▶ **THE PROBLEM**
Every line below must be copied as written, except for pictures.

▶ **AVAILABLE DATA**

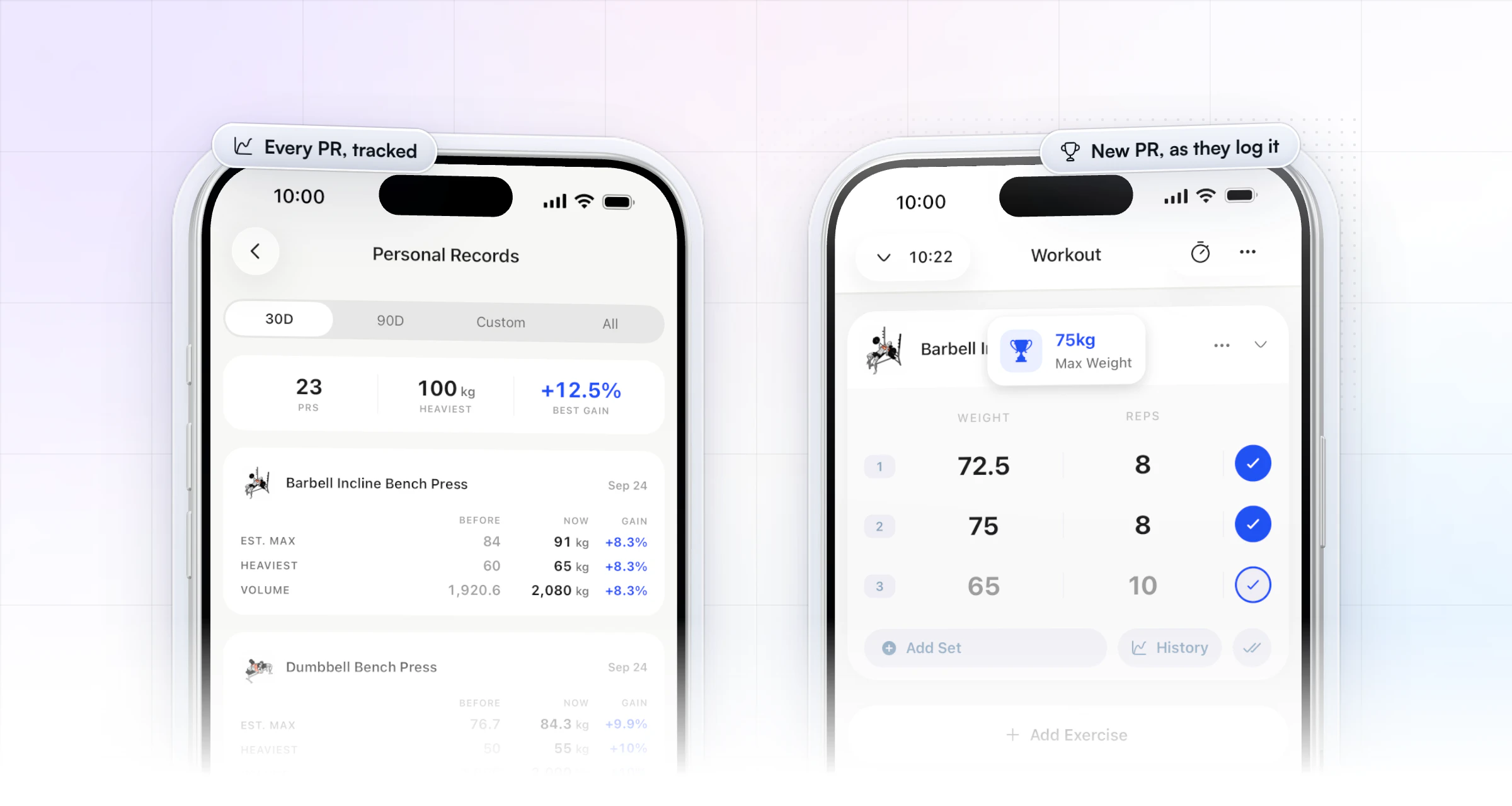 A client's progress in the HubFit app: Personal Records for the last 30 days with 23 PRs, a 100 kg heaviest lift and a 12.5% best gain, each exercise's before and now, beside a workout where a new 75 kg max weight record pops up as the set is logged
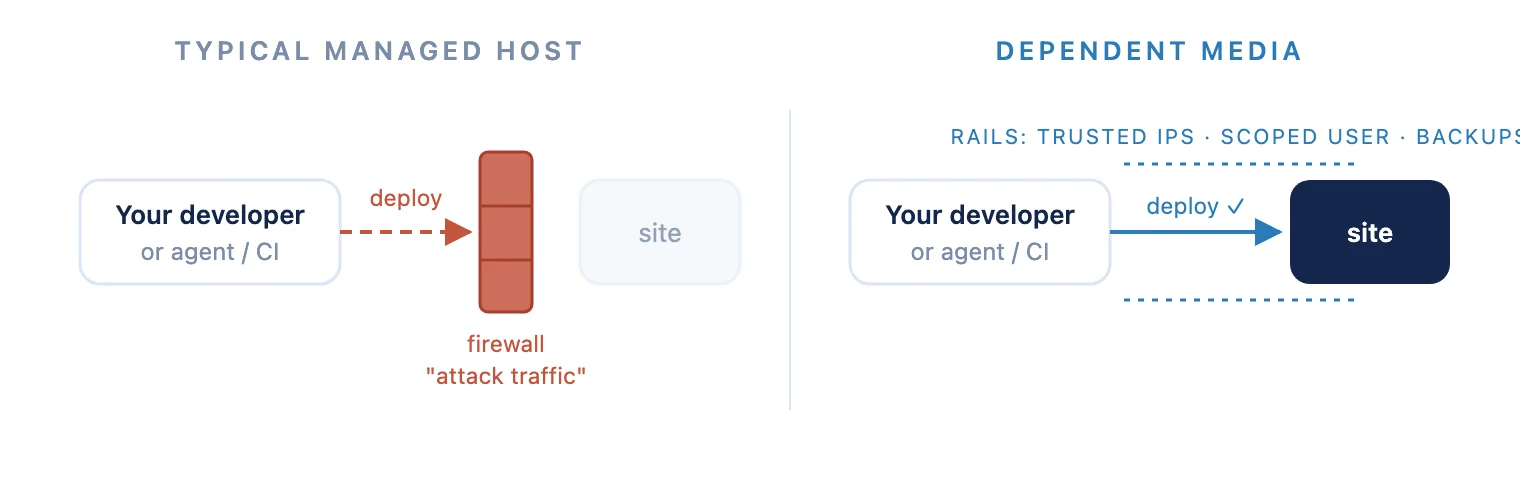 Comparison: a typical managed host firewall blocks a developer deploy as attack traffic; Dependent Media routes the same deploy through guard rails to the site.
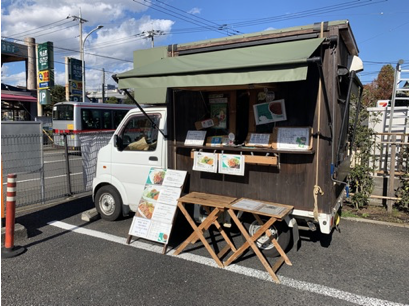 EDIBLE GARDEN CITYに関する ４つのヒント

▶ **WRITTEN RESPONSE**
 A client's progress in the HubFit app: Personal Records for the last 30 days with 23 PRs, a 100 kg heaviest lift and a 12.5% best gain, each exercise's before and now, beside a workout where a new 75 kg max weight record pops up as the set is logged
 Comparison: a typical managed host firewall blocks a developer deploy as attack traffic; Dependent Media routes the same deploy through guard rails to the site.
 EDIBLE GARDEN CITYに関する ４つのヒント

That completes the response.